🔪 Revenge for Dummies 💋
jomeg fic - 10k - rating: T - high school AU - 2stab2fest - read on ao3
“You said it yourself that being lesbian has novelty value! So it is a popularity move!” Meg shrieks. With blood smeared across her face and eyes wild with the power of standing on a table in two inch heels, she looks demonic. She looks incredible, Jo thinks. She looks like royalty. “We are being QUEERBAITED."
Jo is the queen bee of Midwest High, all until Meg steals the throne by claiming Jo is queerbaiting the school. What follows is the epic tale of Jo’s homoerotic revenge mission.
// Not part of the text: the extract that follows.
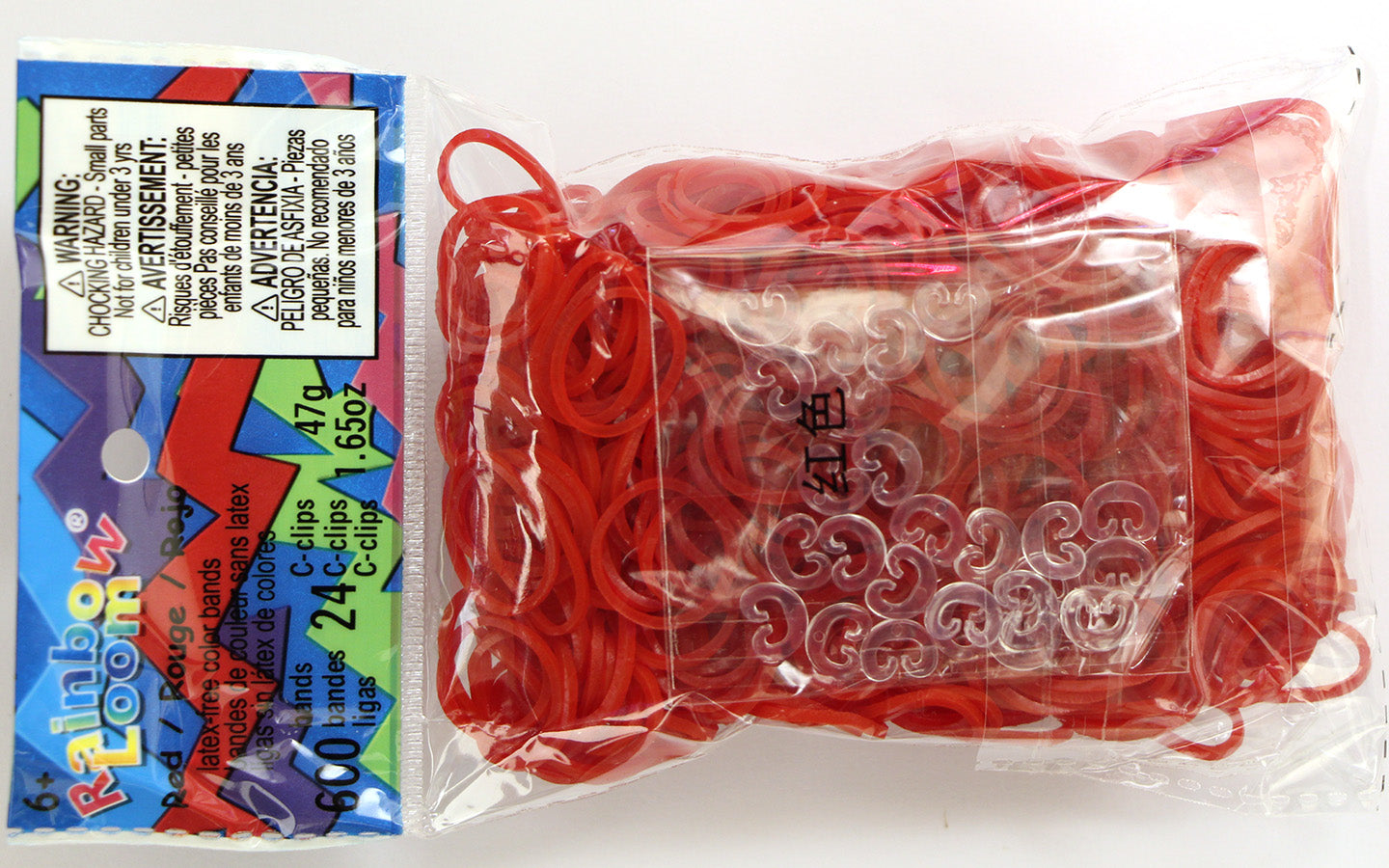 RL Band (Jelly) Red – Rainbow Loom USA Webstore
It’s about girlhood and popularity and lesbianism and being a batshit insane 16 year old—with a knife!
written for the brilliantly run 2stab2fest and accompanied by gorgeous art from @keikakudom !!
chapter 1 of 5 below cut!
High School 101
Though it might’ve come as a shock to her 10 year old self, at 16, Jo Harvelle’s life is one long chick-flick moment. We’re talking resident queen bee of Midwest High with a side-dish of blonde bombshell best served hot. She rules alongside her best friend and loyal confidant Claire Novak, and their passionate alliance is founded on the fact they met in the opening weeks of middle school, when Claire found Jo reading Beginner’s Book to Blade Wielding in the quietest corner of the library and asked if she could read it with her.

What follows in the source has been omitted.